Letermovir
Indications
Letermovir is used for:
Prophylaxis of cytomegalovirus (CMV), reactivation & disease in adult CMV-seropositive recipients [R+] of an allogeneic haematopoietic stem cell transplant (HSCT).
Adult Dose
Cytomegalovirus Infection Prophylaxis
Indicated for prophylaxis of cytomegalovirus (CMV) infection and disease in adult CMV-seropositive recipients [R+] of an allogeneic hematopoietic stem cell transplant (HSCT)
480 mg PO/IV qDay; initiate between Day 0 and Day 28 posttransplantation (before or after engraftment) and continue through Day 100
Following the completion of prophylaxis, monitoring for CMV reactivation recommended
Use IV only in patients unable to take oral therapy; switch to oral administration as soon as feasible
Tablet and injection may be used interchangeably at the discretion of the physician; no dosage adjustment is necessary when switching formulations
Hepatic impairment
Mild or moderate (Child-Pugh A or B): No dosage adjustment required
Severe (Child-Pugh C): Not recommended
Child Dose
<18 years: Safety and efficacy not established
Renal Dose
Renal impairment
CrCl >10 mL/min: No dosage adjustment required
CrCl ?10 mL/min or patient on dialysis: Data are insufficient to make dosing recommendations
Hydroxypropyl betadex (IV vehicle) may accumulate if CrCl <50 mL/min; closely monitor serum creatinine levels in patients receiving IV letermovir
Administration
May be taken with or without food: Swallow whole, do not divide/crush/chew.
Contra Indications
Hypersensitivity.
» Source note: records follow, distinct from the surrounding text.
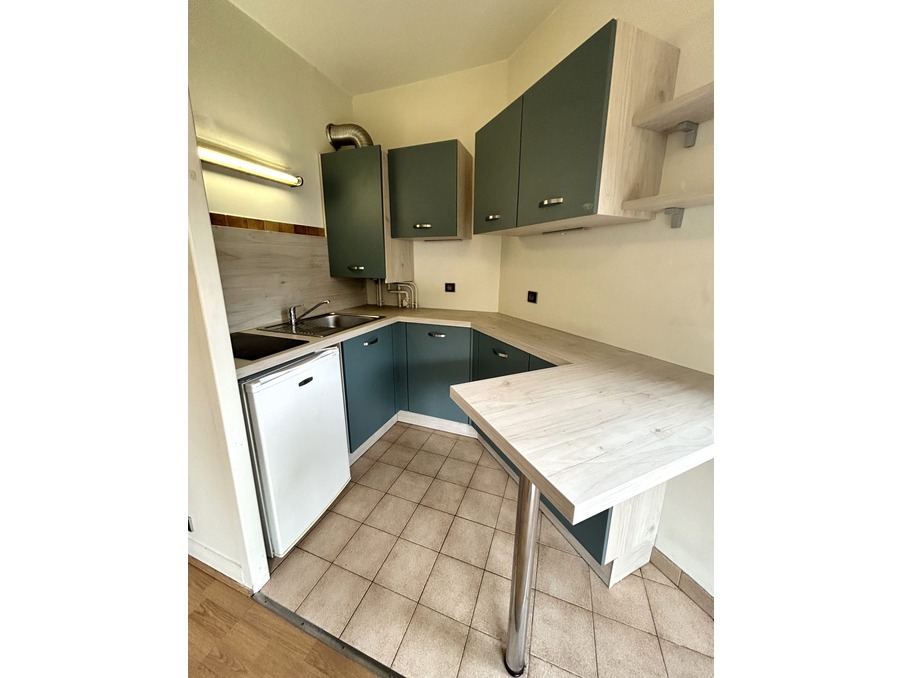 Appartement 660 &euro;  Réf. 627-DESJARDINS_627 Vernon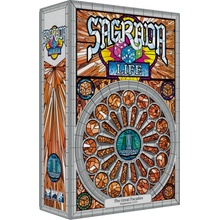 Floodgate Games Sagrada: Life EN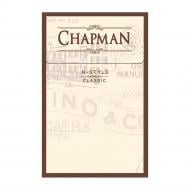 Сигареты Chapman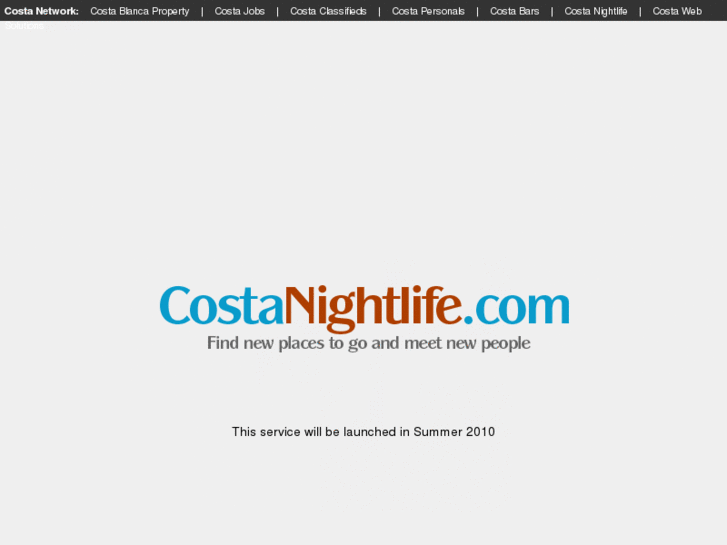 www.costanightlife.com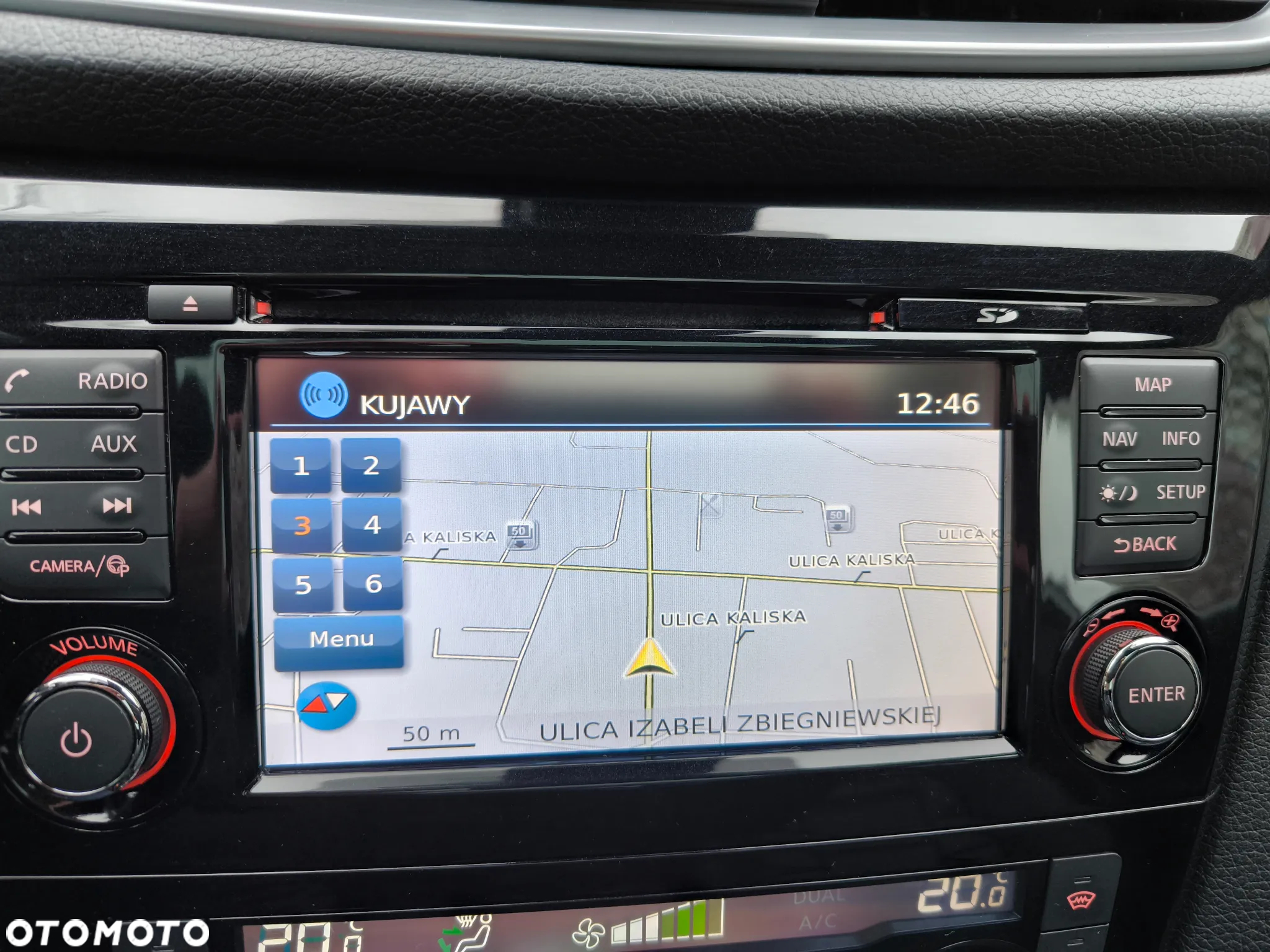 Nissan Qashqai - 27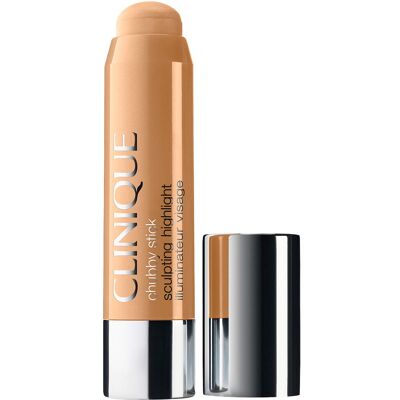 Clinique Chubby Stick Scultping Highlight 02 Sumpreme Stardust 6 g Clinique Chubby Stick Scultping Highlight 02 Sumpreme Stardust 6 g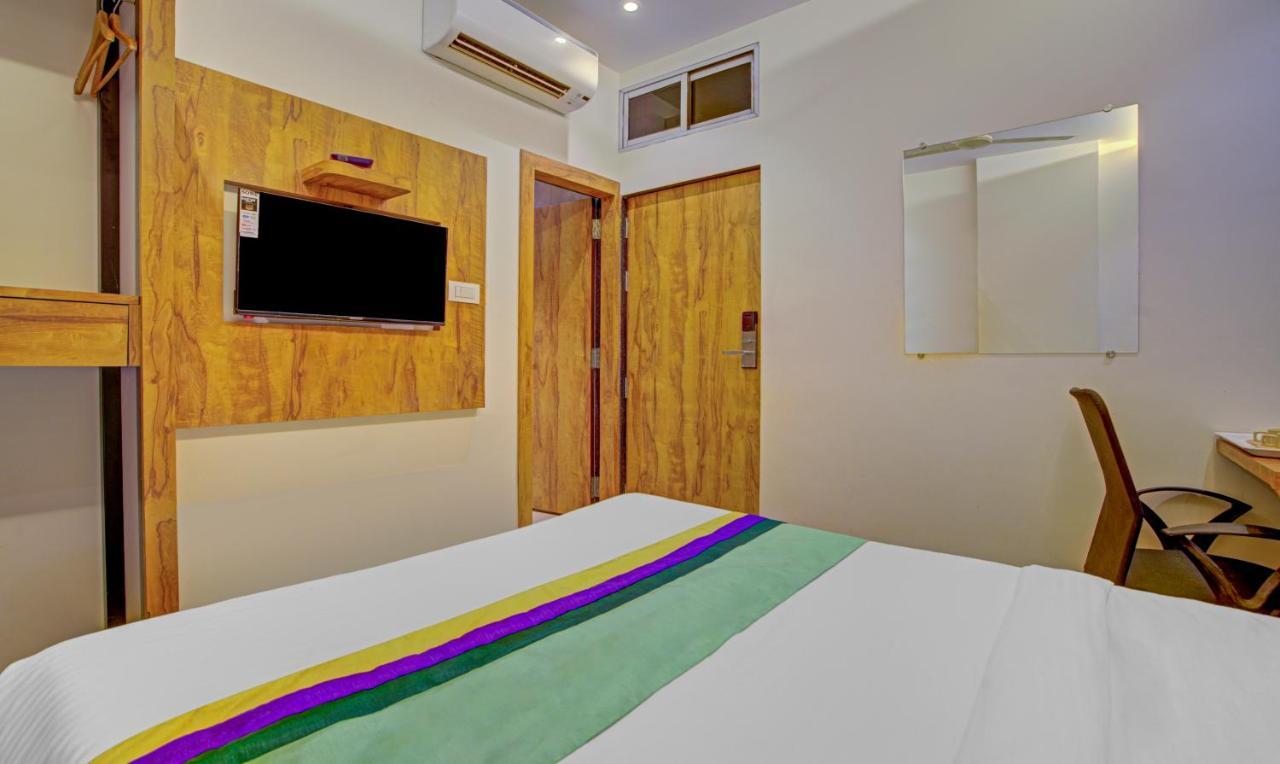 Treebo Andheri East Hotel Mumbai
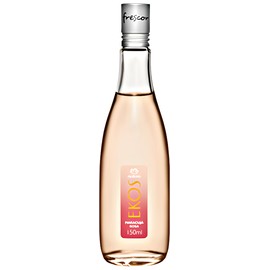 Frescor de Maracujá Rosa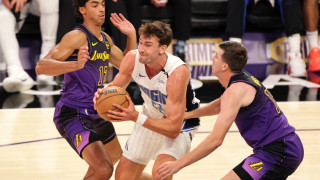 «Μαχαιριά» του Βάγκνερ στους Λέικερς - Τρομερή ανατροπή των Σπερς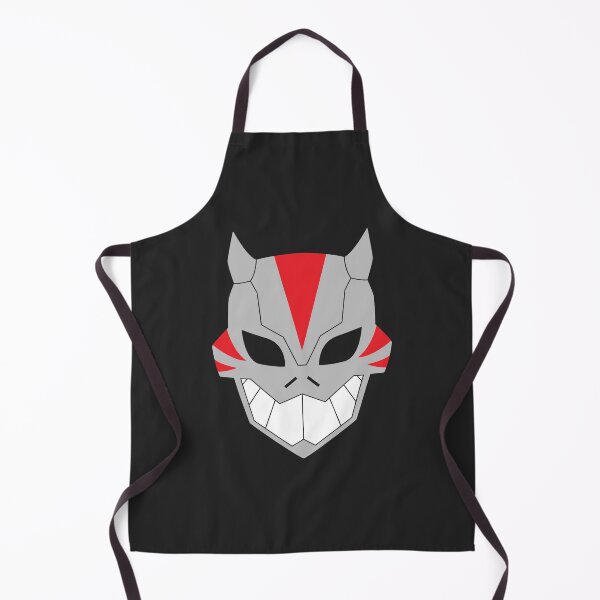 Item preview, Cheshire Mask designed and sold by Minimalist Heroes.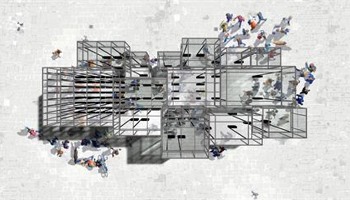SPACE GAP - London Design Festival 2018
Concomitant administration w/ pimozide; ergot alkaloids. If combined w/ cyclosporine, concomitant use of dabigatran, atorvastatin, simvastatin, rosuvastatin or pitavastatin is contraindicated.
Precautions
Monitor CMV DNA. Concomitant use w/ medicinal products that are CYP3A substrates w/ narrow therapeutic ranges (eg, alfentanil, fentanyl, & quinidine); cyclosporine, tacrolimus, sirolimus; voriconazole & phenytoin; dabigatran; OATP1B1/3 substrates (eg, statins). Rare hereditary problems of galactose intolerance, Lapp lactase deficiency, or glucose-galactose malabsorption. Minor influence on the ability to drive or use machines. Not recommended during pregnancy & in women of childbearing potential not using contraception. Lactation.
Pregnancy-Lactation
Pregnancy
No data are available regarding use in pregnant women
In animal reproduction studies, embryo-fetal developmental toxicity (including fetal malformations) was observed in rats during the period of organogenesis at letermovir exposures (AUC) 11 times higher than human exposure at the recommended human dose (RHD); in rabbits, no embryo-fetal developmental toxicity was noted at exposures that were not maternally toxic (up to letermovir exposures 2 times higher than human exposure at the RHD)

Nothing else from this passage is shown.